Sunday, October 24, 2010

Until I See You Again



"Until I See You Again"
~Mark Schultz

(So, I attached two versions of this song. An upbeat version (the 1st one), and a ballad version (the 2nd). You can listen to each one depending on your mood :]. Only recently, the ballad is really speaking to me, but both are pretty cool.)

I've wanted to share this song for a pretty long whiles. Whenever I felt really down, this is the song that encouraged me to keep my eyes open for God's blessing in my life, and keep going.

Sometimes, when I'm in a dry season, and all I can think about is getting out, I feel like my cries are like the prechorus. How long, God? How long until I can find rest in Your arms? Maybe even just take me to be with You, because it'd be so much easier, and right now that's what I'd like.. sounds pretty drastic, yes, but I think most of us have been there before. And I love the response: Don't worry, my child; I know it feels long now.. I still promise to be with you through it all. But don't miss this life I've given you! Live with amazement like a child, talk to me unhindered, keep on loving.

Okay, Dad. I'll try. Thanks for Your love =]. Love You.

You say, "How long 'til I can
come home, 'til I can
rest in Your arms again?"
And I say, "Not long, but don't miss
this life, and I'll be
waiting 'til then!"

Live with the wonder of a child
Pray with your arms thrown open wide
Love with a love that has no end
until I see you again


Ain't I a woman?



This is not a song, but i think it's worth the sharing =]

I did a lot of research on Sojourner Truth (birth name:Isabella Baumfree) back in middle school and high school. While everyone chose Martin Luther King Jr., I chose her. I don't remember much about her biography, but I remember she did some amazing things for both women and blacks rights.

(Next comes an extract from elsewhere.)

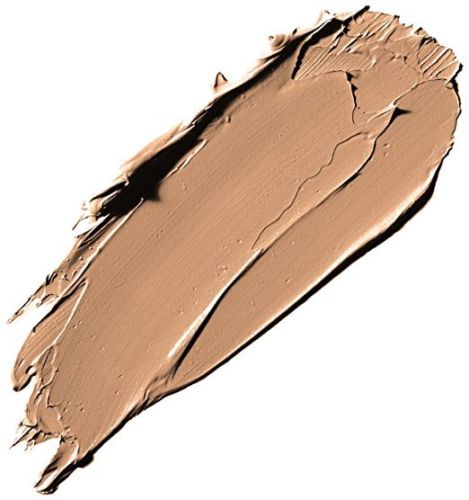 Fit Me Shine Free Stick Foundation #235 Pure Beige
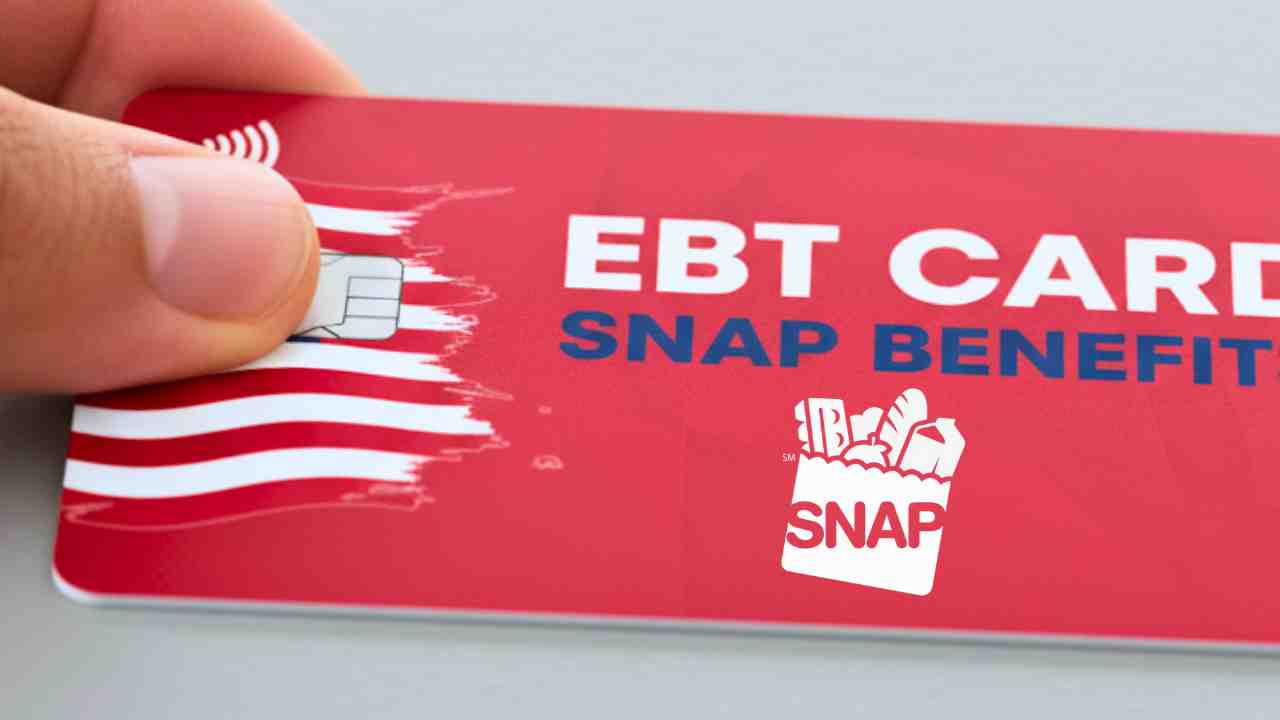SNAP Could Be Delayed (Or Halted) in November: What States Are Doing to Deliver Food Stamps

In a way, she was someone I wanted to model after. In DOC (my writing class) a couple of days ago, my professor showed this video. I got really excited and it woke me up from my half-sleep (yes, sadly I sleep in class D:). It was the first time I heard this speech and I was really really happy that I got to read it last week. You can see a lot of her personality in this piece of writing. I can see that she was a funny, smart, strong, confident, and independent Christian. I think she was really clever with this speech. Alice Walker, the person reading the speech, is the author of the book, The Color Purple (i don't know how to underline this book title). I never read it, but I did see some parts of the film. Whoopi Goldberg acted well in this film. I think it is about how black women were abused in the past (*shrugs*). Enjoy!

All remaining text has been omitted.